Task prompt: The result should be an exact copy of only the lines from the one holding "Playboy (PLAYBOY) jeans" through the last line of the data below, please, without pictures.

┏━━

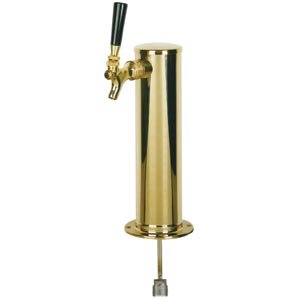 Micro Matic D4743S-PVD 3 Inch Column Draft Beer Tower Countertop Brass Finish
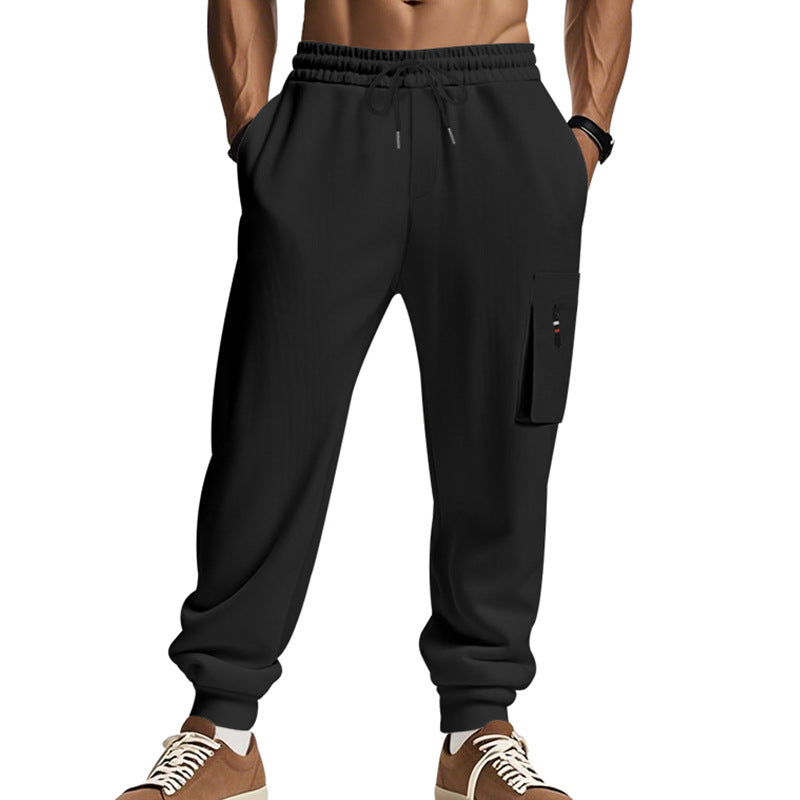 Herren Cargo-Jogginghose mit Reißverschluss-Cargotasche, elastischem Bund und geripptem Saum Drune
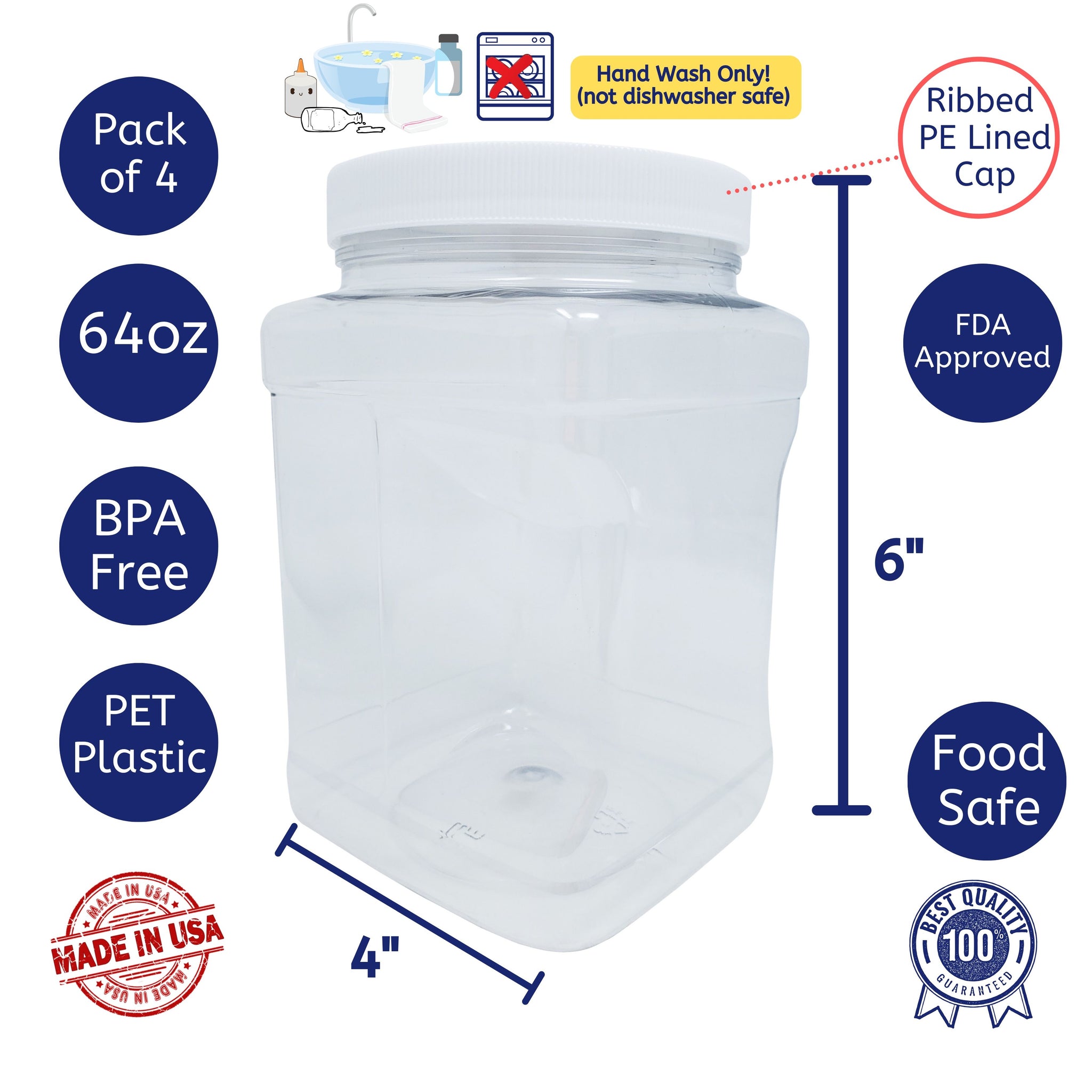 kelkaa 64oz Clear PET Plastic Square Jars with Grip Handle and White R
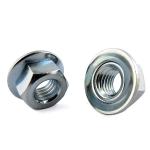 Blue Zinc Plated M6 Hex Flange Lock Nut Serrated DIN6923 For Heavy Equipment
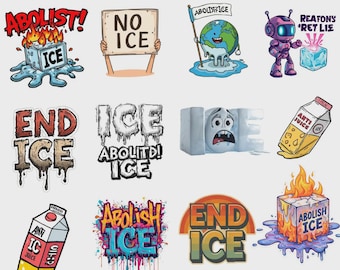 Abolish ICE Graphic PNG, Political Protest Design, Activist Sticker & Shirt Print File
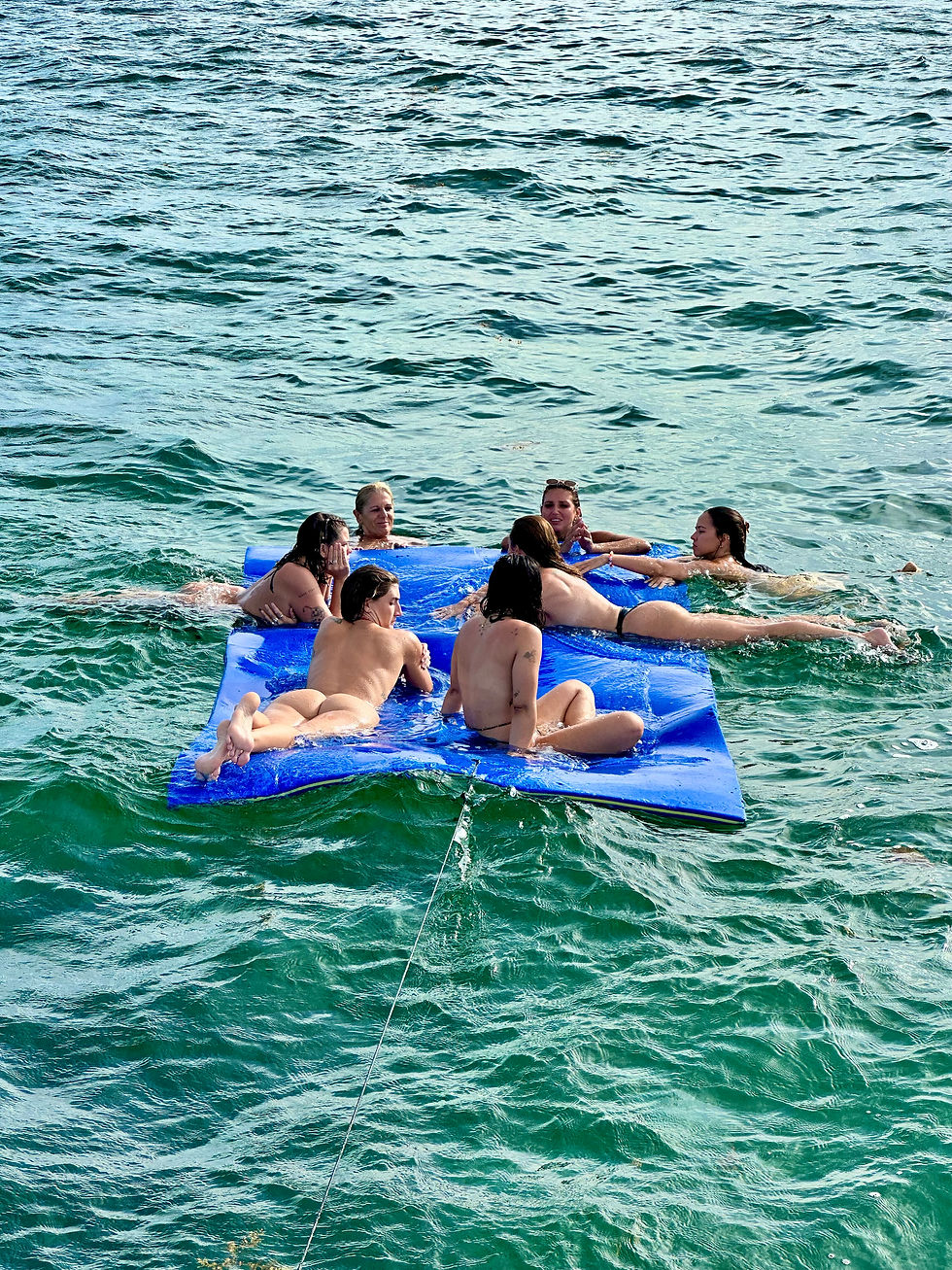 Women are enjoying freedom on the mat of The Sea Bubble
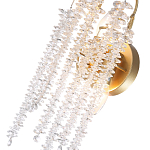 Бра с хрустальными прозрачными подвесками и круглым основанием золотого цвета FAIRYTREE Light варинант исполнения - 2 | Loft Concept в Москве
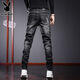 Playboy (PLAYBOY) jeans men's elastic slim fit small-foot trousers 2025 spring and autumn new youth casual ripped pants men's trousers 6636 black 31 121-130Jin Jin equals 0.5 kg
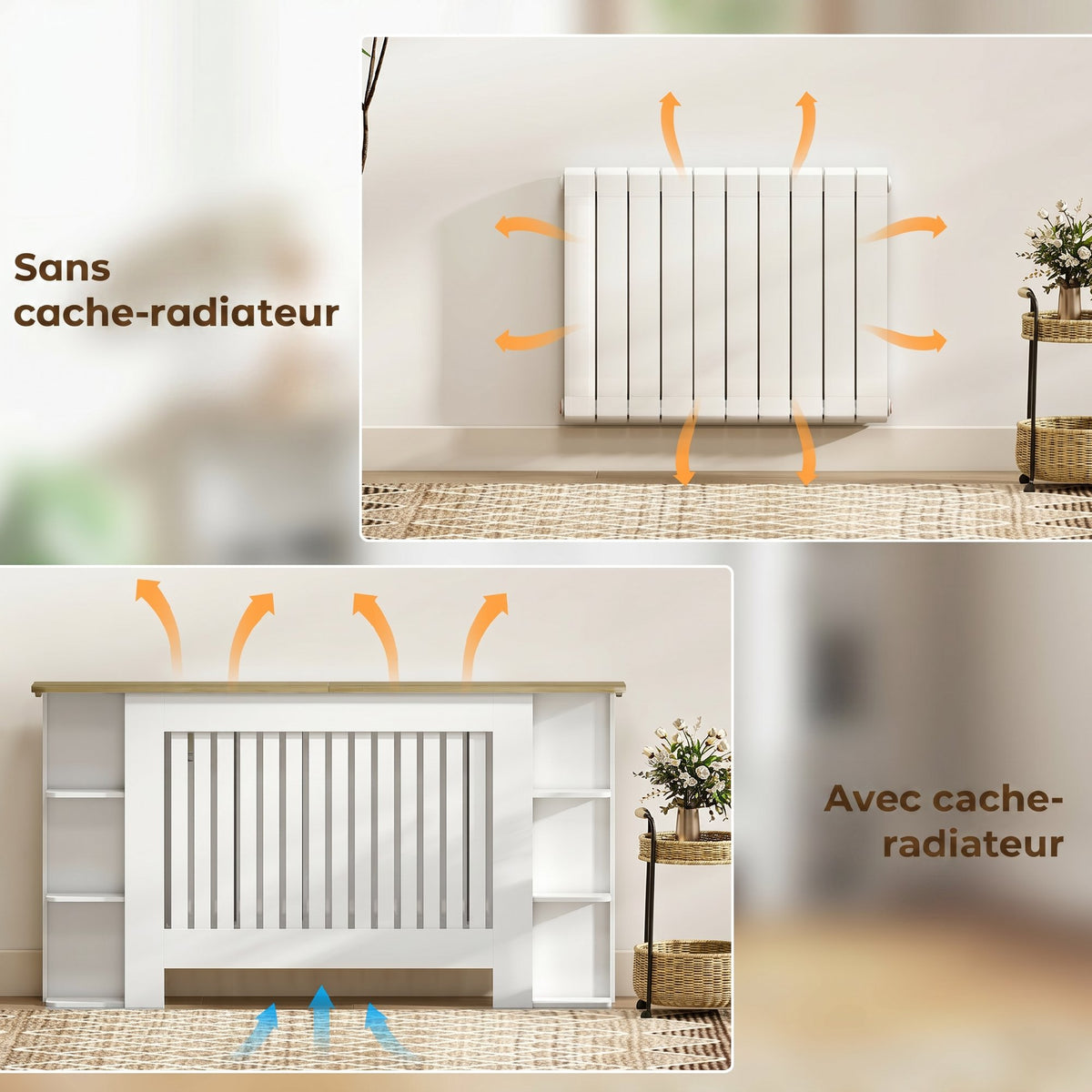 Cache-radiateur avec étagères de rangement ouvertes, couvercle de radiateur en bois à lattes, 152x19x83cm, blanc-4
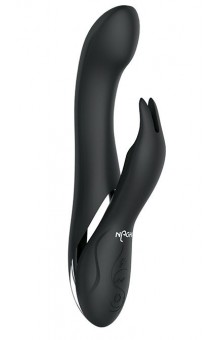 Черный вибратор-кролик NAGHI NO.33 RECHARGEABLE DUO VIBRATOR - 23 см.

┗━━

Solution for this problem:
 Playboy (PLAYBOY) jeans men's elastic slim fit small-foot trousers 2025 spring and autumn new youth casual ripped pants men's trousers 6636 black 31 121-130Jin Jin equals 0.5 kg
 Cache-radiateur avec étagères de rangement ouvertes, couvercle de radiateur en bois à lattes, 152x19x83cm, blanc-4
 Черный вибратор-кролик NAGHI NO.33 RECHARGEABLE DUO VIBRATOR - 23 см.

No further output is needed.